Mai come in questa estate, l’Arneo si è dovuto confrontare con il turismo di massa, fenomeno difficile da gestire, che manda in crisi il sistema delle aree naturali, delle infrastrutture, della raccolta dei rifiuti, della gestione dell’acqua potabile e della depurazione dei reflui; un’onda, un impatto che lascia perplessi, con molti interrogativi e molte preoccupazioni.
Il turismo si basa sul “giacimento territoriale” costituito dall’ambiente naturale, dai beni culturali, dal patrimonio pubblico, da cui i privati ricavano profitti. Nel farlo, tuttavia, nell’estrarre valore, si può arrivare anche a consumare la risorsa territoriale, fino alla sua completa distruzione, portando alla fine del turismo stesso.
Ciò che è accaduto negli ultimi anni, con l’antropizzazione di ogni metro quadro di litorale, la distruzione del sistema dunale e retrodunale, (salvo poche eccezioni), va in questa assurda direzione.
Come Amministrazione comunale, abbiamo da tempo deciso di intraprendere una strada diversa, promuovendo un turismo di qualità, lento, attento, un turismo esperienziale che trovi fondamento in un patto tra comunità, cultura, imprese, prodotti locali in cui il turista divenga sostegno del territorio.

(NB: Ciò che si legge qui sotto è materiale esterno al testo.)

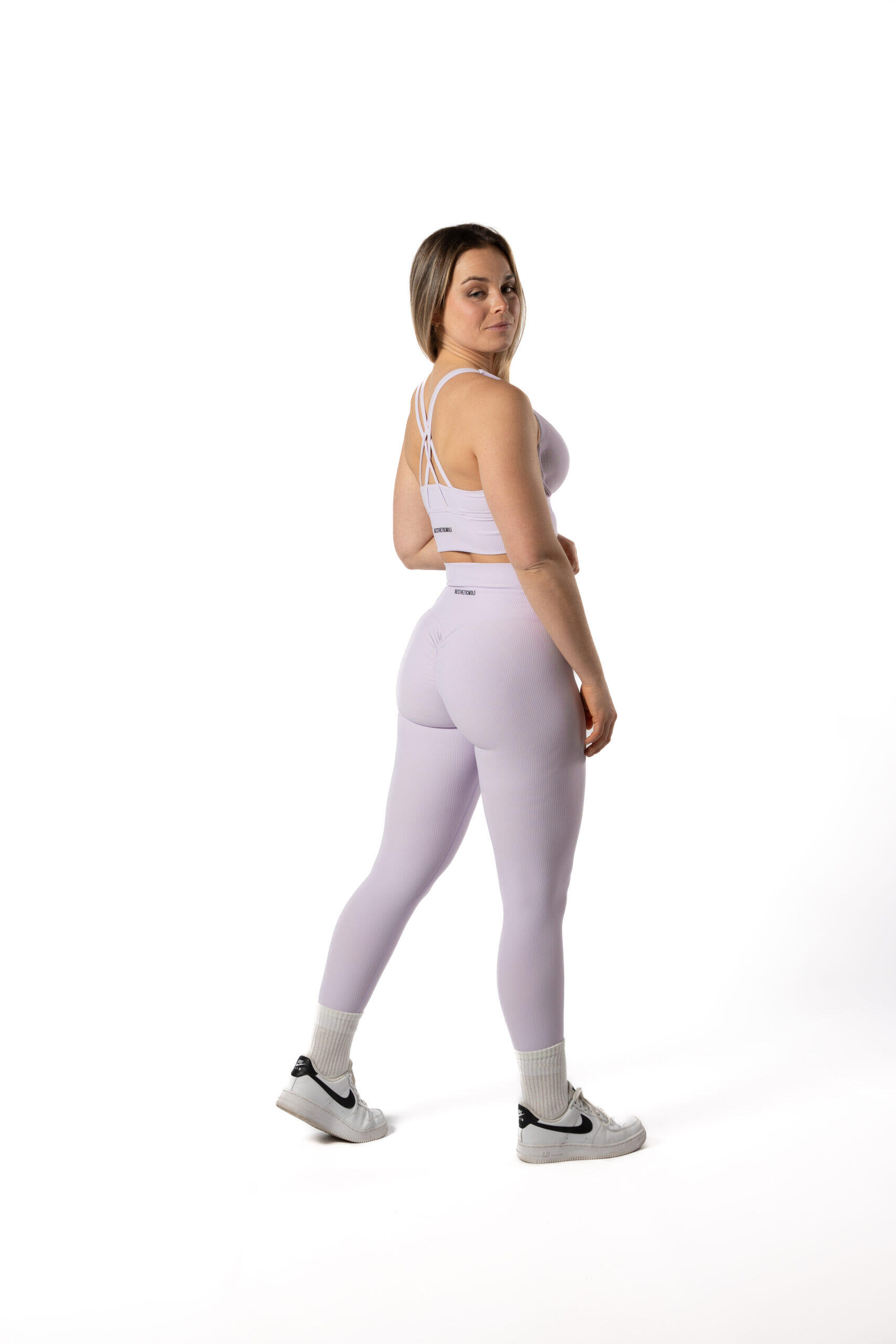Legging Fitness Côtelé Scrunch Sans Coutures Lavande Bleu 5/5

Vanno in questa direzione la Rigenerazione Urbana, l’istituzione dell’Ecomuseo Terra d’Arneo, la creazione di poli attrattivi culturali, l’impegno per una nuova pianificazione del territorio che protegga il patrimonio naturale e culturale, come con la redazione dell’Atlante del Patrimonio di Comunità che confluirà nel nuovo piano urbanistico.

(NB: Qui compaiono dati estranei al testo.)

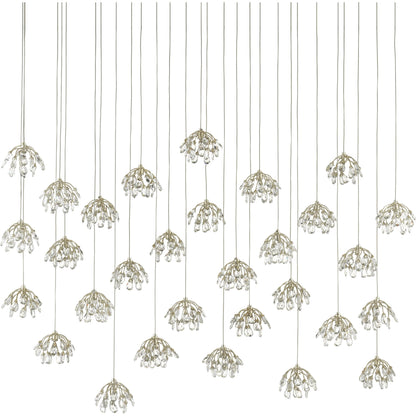 Crystal Bud Linear Pendant by Currey and Company in painted silver, contemporary silver leaf. Made from crystal, wrought iron in a transitional style.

Ma questo non è sufficiente; le Amministrazioni che si trovano a gestire le aree costiere affrontano una crisi che nel prossimo futuro potrebbe rivelarsi critica, con impatti potenzialmente critici sul lungo periodo.
E’ per questo che ritengo che il momento di muoversi, di agire per governare questi fenomeni, sia adesso, ben prima della prossima estate; occorre che l’intero Salento avvii una fase di programmazione e gestione di questi ingenti flussi di persone. Occorre elaborare un progetto per la riforestazione, un piano dettagliato finalizzato alla ricostruzione del paesaggio distrutto dalla Xylella.

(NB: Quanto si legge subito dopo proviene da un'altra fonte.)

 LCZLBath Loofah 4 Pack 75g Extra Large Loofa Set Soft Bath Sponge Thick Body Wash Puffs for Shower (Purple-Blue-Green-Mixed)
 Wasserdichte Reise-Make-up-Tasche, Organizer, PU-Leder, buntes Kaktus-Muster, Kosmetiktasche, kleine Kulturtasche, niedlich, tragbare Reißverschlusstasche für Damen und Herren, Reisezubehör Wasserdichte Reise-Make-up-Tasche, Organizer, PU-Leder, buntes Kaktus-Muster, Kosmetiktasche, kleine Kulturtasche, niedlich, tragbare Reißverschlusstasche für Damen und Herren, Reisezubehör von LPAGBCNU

L’Arneo, con il suo sistema territoriale, deve divenire il nostro principale bene da tutelare, una risorsa che non possiamo lasciar depauperare, bruciare, nel breve intervallo di una stagione estiva.
Come scrivevamo anni fa nello Statuto dell’Ecomuseo Terra d’Arneo, “una Comunità territorialmente radicata, con una forte percezione di se stessa, capace di distinguere e valorizzare le produzioni locali, costituisce una garanzia per il futuro del territorio, sia inteso come benessere olistico dei suoi abitanti, dell’eredità culturale condivisa, del paesaggio, degli ecosistemi e degli agro-ecosistemi, sia come capacità di manifestare una identità forte nel mercato dei prodotti di qualità e dell’attrattività turistica”.